Domaine Kreydenweiss ou la philosophie dans le terroir
Pionnier de la biodynamie en Alsace, le domaine Marc Kreydenweiss, géré depuis 2008 par son fils Antoine, produit des vins vibrants, exprimant l’essence du territoire où ils naissent.
Flash-back. Nous sommes dans les années 1980 et le vignoble alsacien ronronne. Des raisins perfusés à la chimie donnent des blancs secs trop souvent mollassons, dont la personnalité peine à s’affirmer (des vins de soif, pour rester polis) et des liquoreux surchargés en sucres. Dans une région en quête d’âme oenologique, quelques pionniers se livrent à des expérimentations salutaires. À Andlau, Marc Kreydenweiss est du nombre : la conversion en biodynamie – presque un gros mot à l’époque, on a tendance à l’oublier – est réalisée en 1989. Il privilégie aussi le terroir, écorchant le culte du saint cépage, unique religion alors en vigueur, replongeant même dans le passé pour retrouver les “gentils”, des assemblages de cépages nobles. Le Clos du Val d’Éléon, à parts égales de riesling et de pinot gris, grandissant sur des schistes, est ainsi un retour aux sources réussi, qui s’est métamorphosé en classique viticole. Voilà flacon dont le millésime 2018 accompagne une recette de noix de Saint-Jacques imaginée par Paul Stradner, chef de la Villa René Lalique. Et le sommelier de la maison doublement étoilée, Romain Iltis, de préciser : « La tension droite, apportée par le riesling, met en exergue le caractère maritime et ses notes d’agrumes se font lien avec la bergamote. Le pinot gris vient ici apaiser cette tension et donne à la texture une sensation plus suave et ainsi épouse le fondant si particulier de la Saint-Jacques crue, accentué sur la partie garnie de noisette. L’ensemble est marqué par l’expression de fumé caractéristique des schistes qui se révèlent dans la finale, imposant la force du terroir pour prolonger l’expression iodée de l’ensemble. »
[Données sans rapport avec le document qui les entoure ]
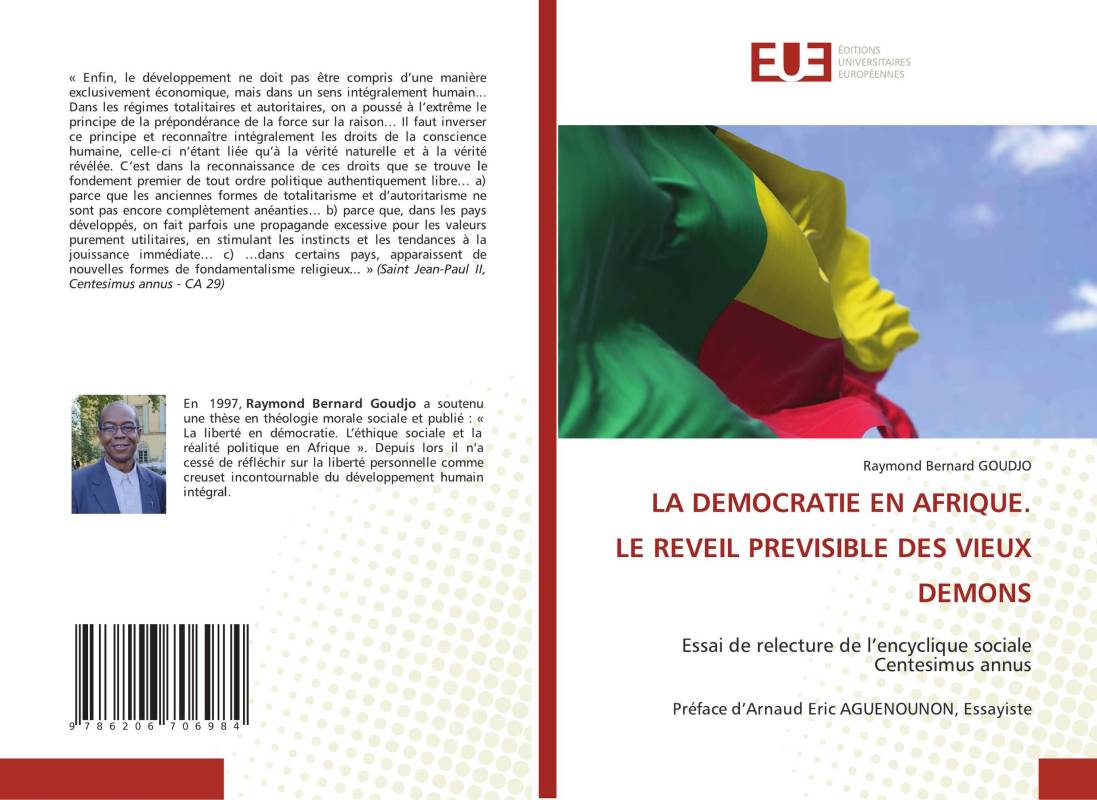 LA DEMOCRATIE EN AFRIQUE. LE REVEIL PREVISIBLE DES VIEUX DEMONS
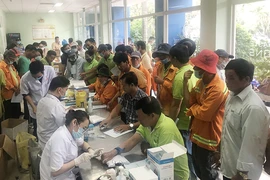 VWS tổ chức khám sức khỏe cho 330 người lao động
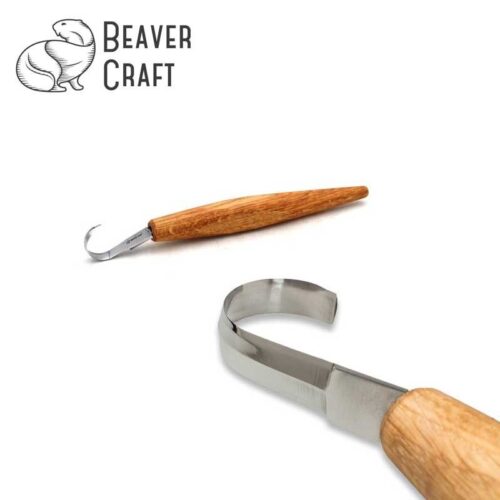 Нож за дърворезба карвинг / BeaverCraft SK5S / 3
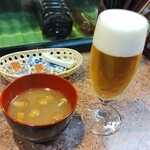 三祐酒場 - 料理写真:ちょい生グラス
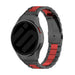 Bracelet acier Samsung Galaxy Watch 7 - 40mm (noir/rouge)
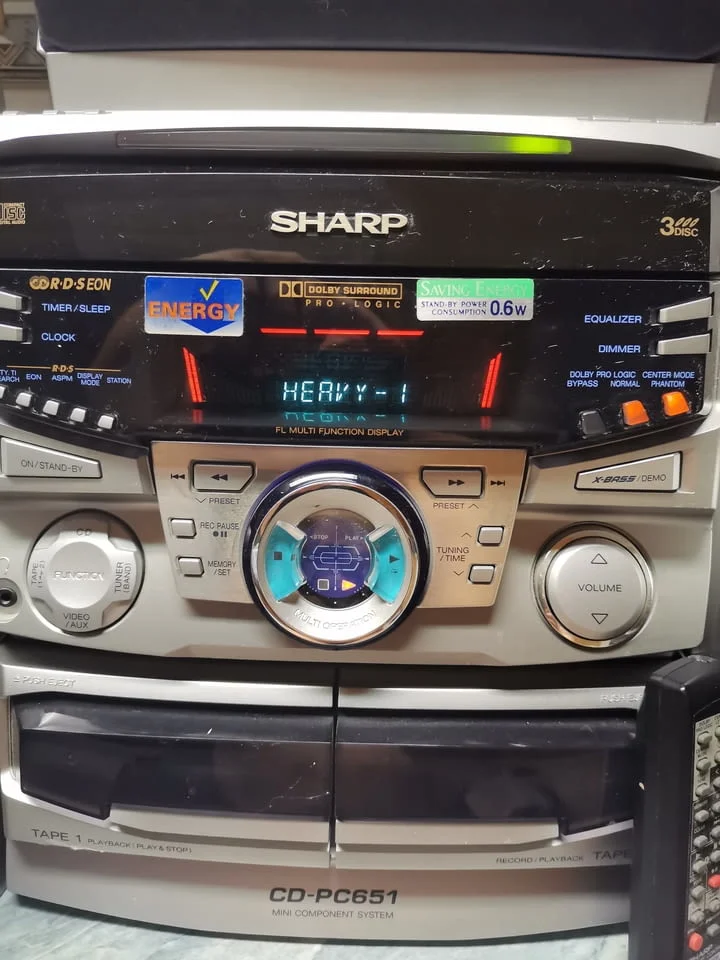 Sharp PC 651 H — снимка 7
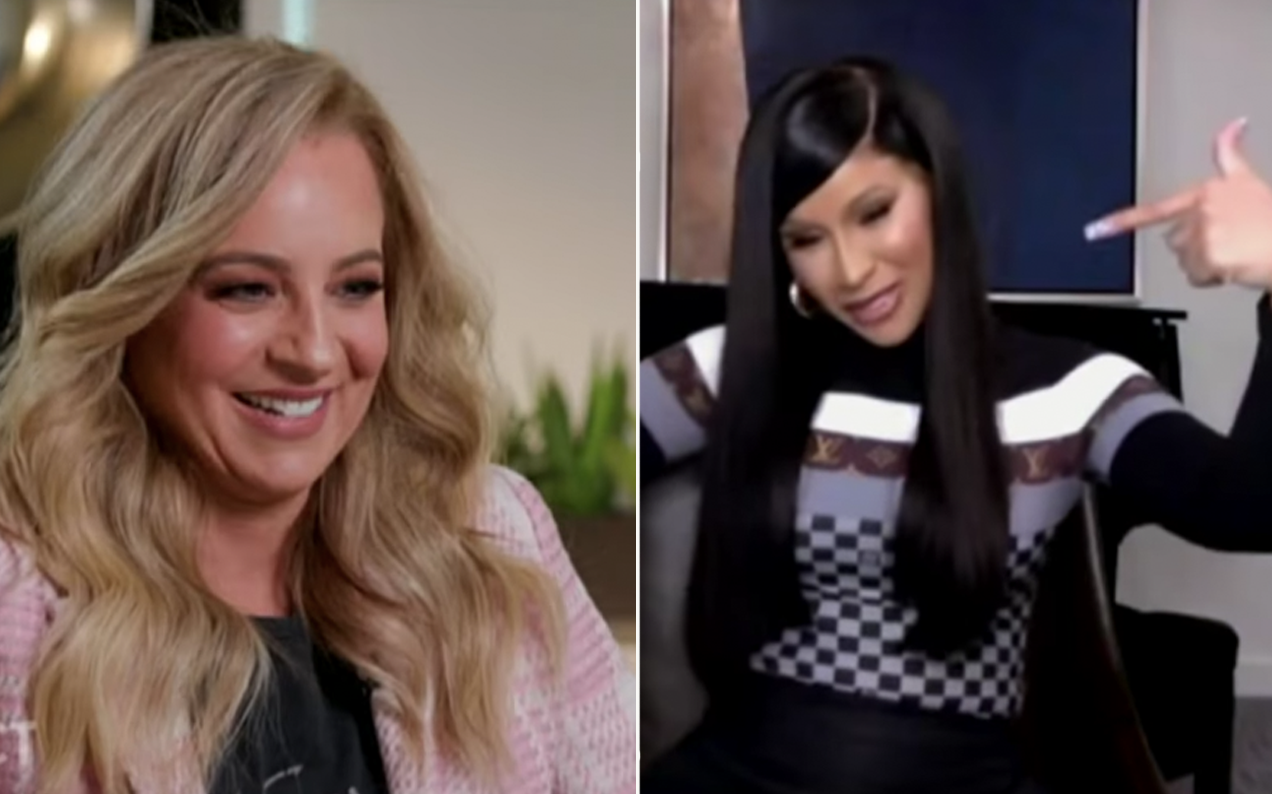 Carrie Bickmore Trying To Interview Cardi B About WAP & Not Say ‘Pussy’ On TV Is A Wild Ride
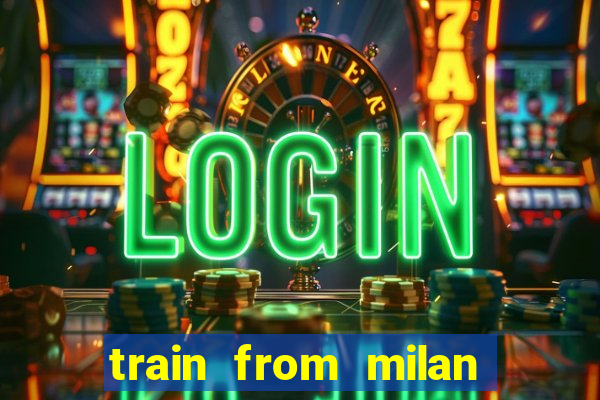 train from milan to bologna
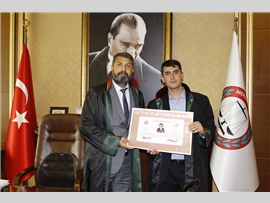 BARO BAŞKANIMIZ AV. BİLGİN YEŞİLBOĞAZ: "HUKUK KURUMLARI HUKUKSUZLUĞA ALET OLMAMALI"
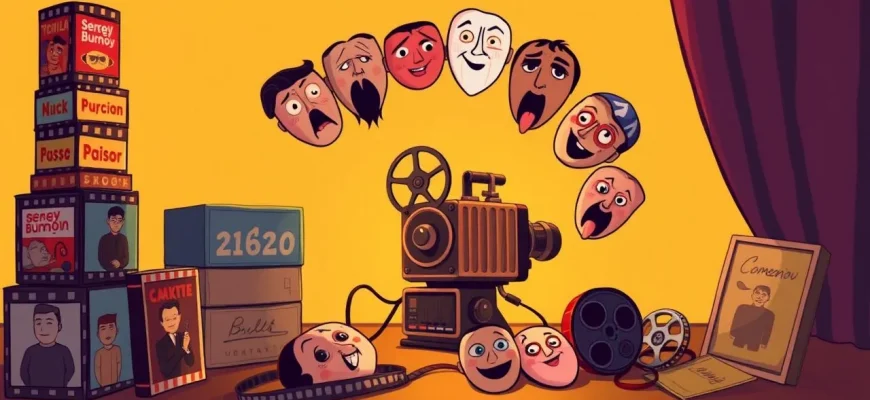 Sergey Burunov’un En İyi 12 Komedi Filmi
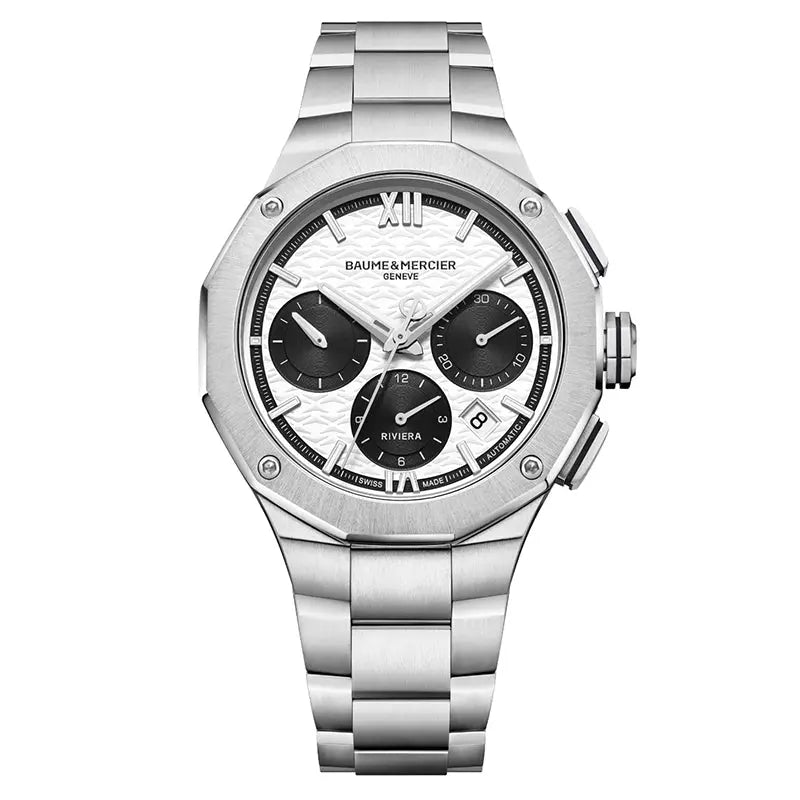 BAUME & MERCIER 41MM RIVERA 10827
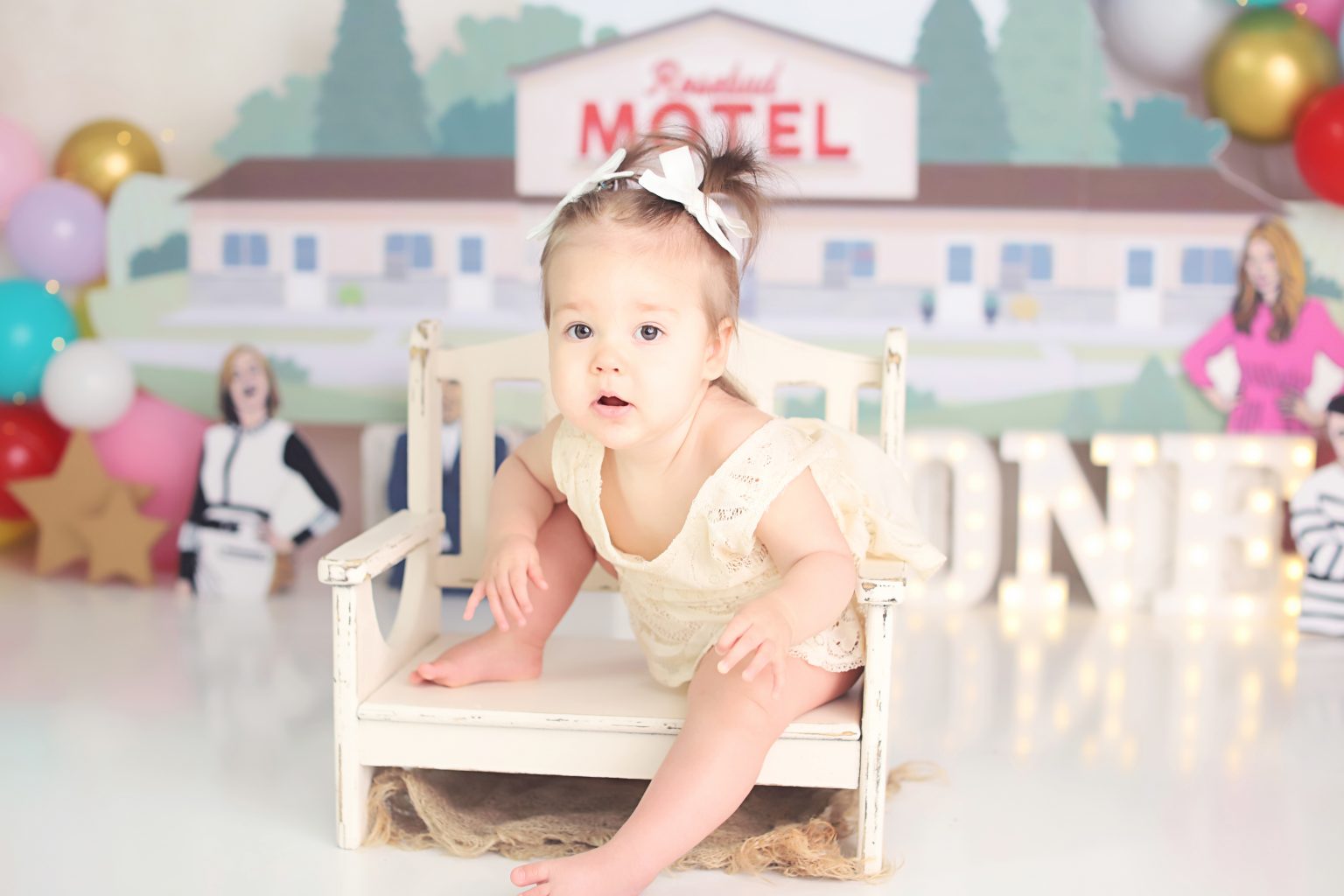 Schitt’s Creek First Birthday Party - Living Letter Home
Quittant l’Alsace pour la région de Nîmes en 2008, Marc y explore la puissance et les charmes de cépages rouges (aujourd’hui, le domaine est géré par son plus jeune fils, Jean), laissant la main à Antoine. Il a poursuivi dans la voie tracée, même si, très vite, il a « choisi un pressurage plus lent, des élevages sur lies plus longs et une forte réduction du niveau de soufre ». Le credo demeure néanmoins le même : « Exprimer la puissance du terroir qui passe au-dessus du cépage », avec des flacons aux étiquettes arty en forme d’épure, incisifs en diable. Quelques mètres seulement peuvent séparer deux grands crus très différents : qu’ont ainsi de commun les schistes noirs de Steige formant une masse pierreuse dure, presque sauvage, du Kastelberg et les grès roses, tendres, policés et friables, du voisin Wiebelsberg ? Ce dernier donne un riesling exceptionnel, qu’on peut garder de longues années et dont le coeur battant est une minéralité ciselée avec élégance – comme une improbable dentelle –, non dépourvue de réminiscences florales et fruitières.